I have had mine since November. I love it more today than yesterday. Its been like that from day one. If you wanna take photo's and its really a big deal than why not buy a camera??? If the N7 had all that crap on it it would've been $500 and I wouldn't have bought it. Its perfect cuz its what I wanted...a great TABLET at a great price.

Sent from my Nexus 7 using RootzWiki


----------



## Natey2 (Jun 7, 2012)

Get the 32GB version. If I didn't have my 16GB N7, I would.


----------



## carpenter77 (Jan 1, 2012)

Bought a Sammy galaxy tab 2 7.0 for $179 to keep my kids of my n7. All I have to say is the nexus 7 is way better. The screen is nothing compared to the N7. Feels better in hand. Get it.

Sent from my Galaxy Nexus using RootzWiki


----------



## number5toad (Sep 13, 2011)

yarly said:


> Yeah, I don't see a reason for rear camera. I carry my phone with me much more often.


as long as I'm wearing clothes, my phone is in a pocket...and if I'm not it's still within arm's reach if I need a quick picture

my two bits, I ordered my 8GB N7 the day it was announced, I use it almost every day for reading and it's even pushed my home computers out of rotation for many tasks. it's fantastic, I love it, and I recommend it to people all the time. I think I've handled every other 7" tab on the market at this point, and haven't found one that competes on every level. the iPad Mini honestly comes the closest, but I have only recommended that to people already bought into the iTunes ecosystem.


----------



## hellsbells (Jun 12, 2011)

I think people who use tablets to take pictures are rude, selfish and lazy. Was at Graceland and there were people holding up ipads to take pictures, therefore blocking everyone else's view plus you don't get much time in each room. I've seen people use them at concerts. Just imagine that you were the guy behind the person with the tablet. Imagine the shots ruined because there is someone else's tablet in the shot. Pet peeve. 
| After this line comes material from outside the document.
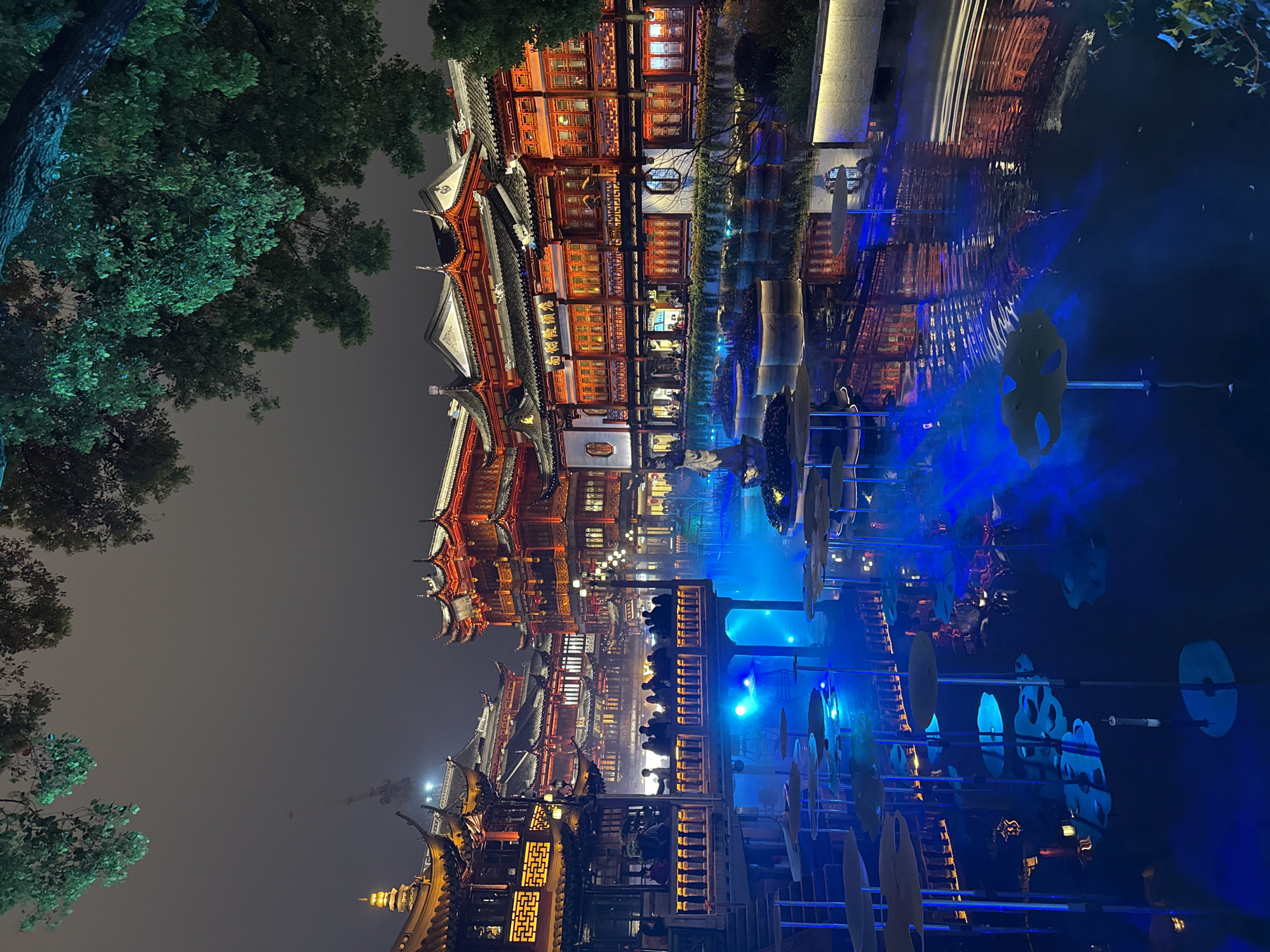 Traditional Chinese building reflected in Shanghai waters at night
So, yeah, get the nexus 7 without the rear camera please.


----------



## billymaloney3 (Nov 24, 2011)

the only thing thats holding me back from getting one is the refresh coming in may. Do you guys think its worth it to pick one up now or should i wait?


----------



## masully84 (Jul 17, 2012)

billymaloney3 said:


> the only thing thats holding me back from getting one is the refresh coming in may. Do you guys think its worth it to pick one up now or should i wait?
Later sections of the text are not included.